I can't realistically walk you through everything, so please save me some heartache, as well as yourself, and just read the INSTALL file before continuing. I have no idea what particular requirements your system has. I will however, walk you through my install.

First you will need working installations of both Zlib and OpenSSL (yes there is an OpenSSL project as well)

Zlib:
http://www.freesoftware.com/pub/infozip/zlib/

OpenSSL 0.9.5a or greater:
http://www.openssl.org/

Or, if you're even more lazy then the audience this paper was written for, (God forbid), then grab the RPM's from the link below. RPMs of OpenSSL are available at http://violet.ibs.com.au/openssh/files/support

Alternatively, Jim Knoble has written an excellent X11 passphrase requester. This is maintained separately at: http://www.ntrnet.net/~jmknoble/software/x11-ssh-askpass/index.html

If you wish to build the GNOME passphrase requester, you will need the GNOME libraries and headers.

GNOME:
http://www.gnome.org/

Also, grab GNUmake if you do not yet have it, OpenSSH has only been tested with this program.

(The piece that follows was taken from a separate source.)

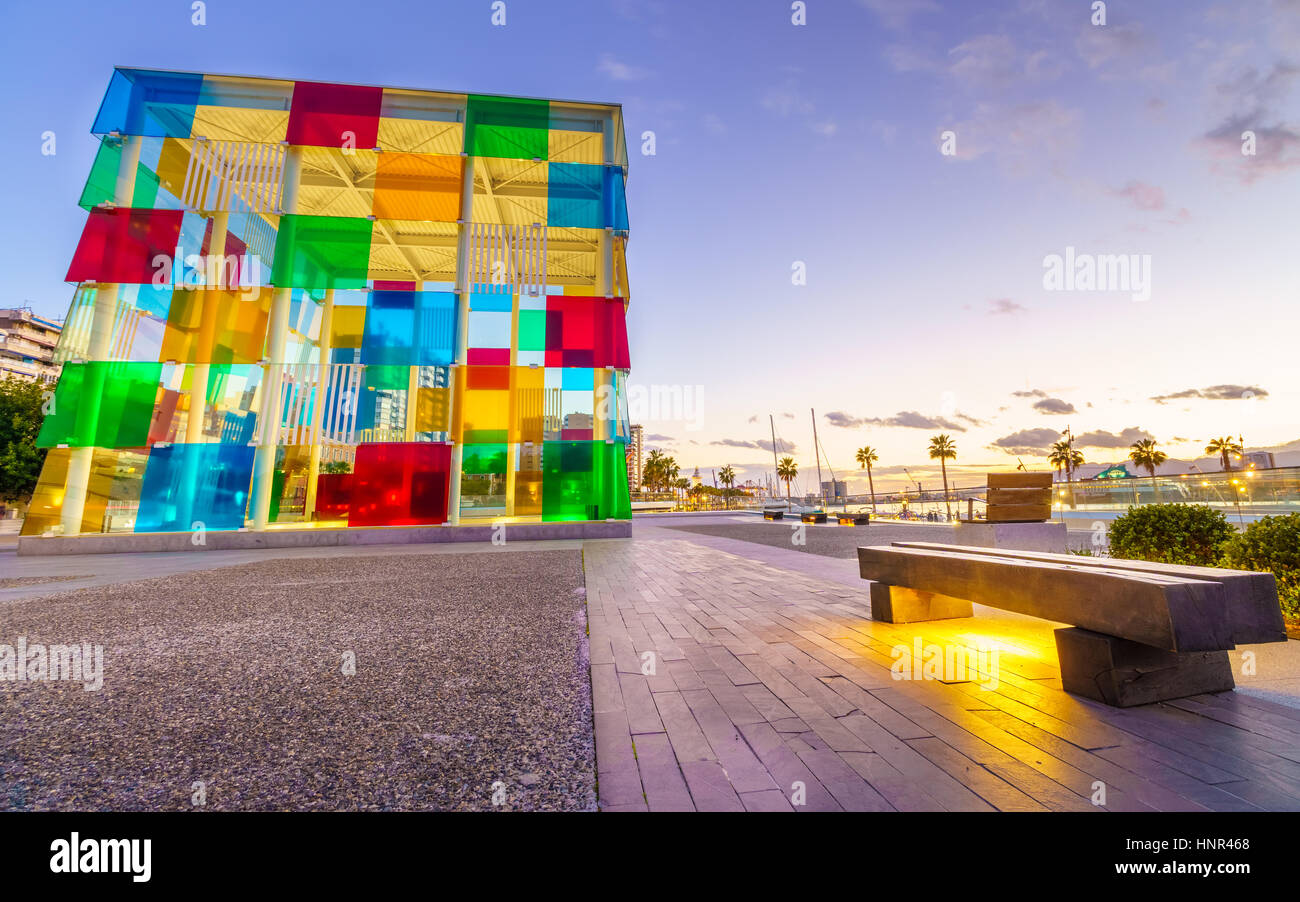 Il marine di Malaga, Spagna, è una zona moderna della città. Malaga è oggi una delle più dinamiche città in Europa del sud con musei, ristoranti, Foto Stock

  [root@myhost ]# ./configure && make && make install

This will install the binaries in /opt/{bin,lib,sbin}, but will place the config files in /etc/ssh

If you are using PAM, you will need to manually install a PAM control file as "/etc/pam.d/sshd" (or wherever your system prefers to keep them). A generic PAM configuration is included as "contrib/sshd.pam.generic", you may need to edit it before using it on your system. If you are using a recent version of Red Hat Linux, the config file in contrib/Red Hat/sshd.pam should be more useful. Failure to install a valid PAM file may result in an inability to use password authentication.

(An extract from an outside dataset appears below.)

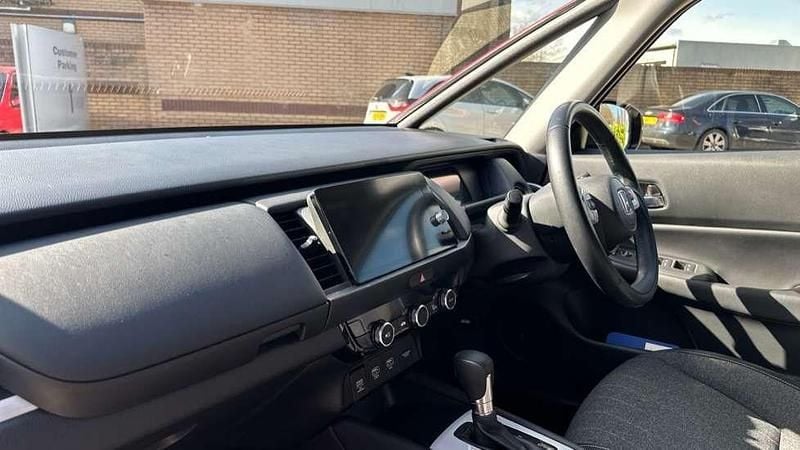 Second-hand Honda Jazz Advance 128 CP (94 kW) 2023 Roșu Hatchback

I like to run configure with '--without-pam' to disable PAM support. PAM is automatically detected and switched on if found. This is because I opt to use RSA Authentication instead.

  [root@myhost ]# tar -xvf zlib.tar
  [root@myhost ]# cd zlib-1.1.3
  [root@myhost zlib-1.1.3]# ./configure && make && make install

You shouldn't get any errors, if you do, sorry to do this, but refer to the README file. What I like to do when compiling something and something goes wrong, I just grep a keyword from the error on the provided README file(s) to see if there is anything specifically mentioned about my error. (Just a suggestion)

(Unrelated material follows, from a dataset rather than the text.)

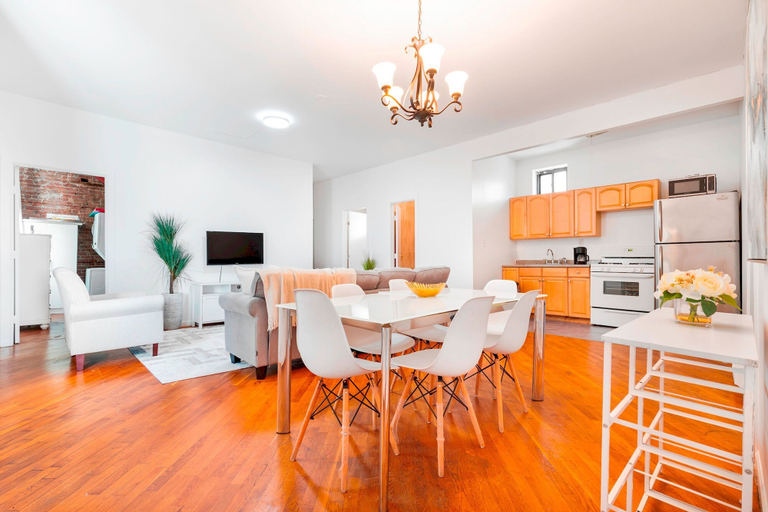 Room 4, Prime Location Upper Manhattan Furnished Apartment, New York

To install OpenSSL, you will need:

  • Perl 5
  • an ANSI C compiler
  • a supported Unix operating system
  [root@myhost ]# tar -xvf openssl-0.9.5a.tar
  [root@myhost ]# ./config && make && make test && make install

Now lets build OpenSSH!

  [root@myhost ]# cd openssh-2.1.1p2
  [root@myhost ]# ./configure --without-PAM && make && make install

NOTES
Because I opt for RSA authentication, I run configure with the --without-PAM option as I am not a big fan of basic password authentication. With the advancements in Cryptography and more secure forms of authentication, PAM and other password-type authentication mechanisms IMHO will become obsolete within a few years

When you have successfully compiled and installed OpenSSH, you will receive the following information.

  Key generation complete.
  Your identification has been saved in /usr/local/etc/ssh_host_key.
  Your public key has been saved in /usr/local/etc/ssh_host_key.pub.
  The key fingerprint is:
  d5:74:83:d0:3f:c4:b4:d6:c5:39:1d:94:ee:9b:a8:61 root@soc1.priv.nuasis.com
  Generating DSA parameter and key.
  Your identification has been saved in /usr/local/etc/ssh_host_dsa_key.
  Your public key has been saved in /usr/local/etc/ssh_host_dsa_key.pub.
  The key fingerprint is:
  ed:58:65:b9:8b:fe:05:81:c2:8c:06:c9:cb:ac:bb:e6 root@soc1.priv.nuasis.com


3b. CONFIGURING OPENSSH

Even though the default installation of OpenSSH should work, I would take a quick stab at the ssh config files to see if you want to change anything.

Because we configured OpenSSH without PAM support, we want to enable RSA Authentication. Uncomment it in the /usr/local/etc/ssh_config file respectively (this is for the system-wide client configuration).

Then go ahead and edit the SSHD config file, /usr/local/etc/sshd_config

Lets go ahead and disable PermitRootLogin (do this by changing 'yes' to 'no' Go ahead and save the file and quit.

After installation, a host key and DSA key should have been created for you. So lets go ahead and move to the next step.

NOTES ON SSH v2
THE SSH PROTOCOL v2 SSH protocol version 2
In SSH v2, each host has a host-specific DSA key used to identify the host. However, when the daemon starts, it does not generate a server key. Forward security is provided through a Diffie-Hellman key agreement. This key agreement results in a shared session key. The rest of the session is encrypted using a symmetric cipher, currently Blowfish, 3DES or CAST128 in CBC mode or Arcfour. The client selects the encryption algorithm to use from those offered by the server. Additionally, session integrity is provided through a cryptographic message authentication code (hmac-sha1 or hmac-md5).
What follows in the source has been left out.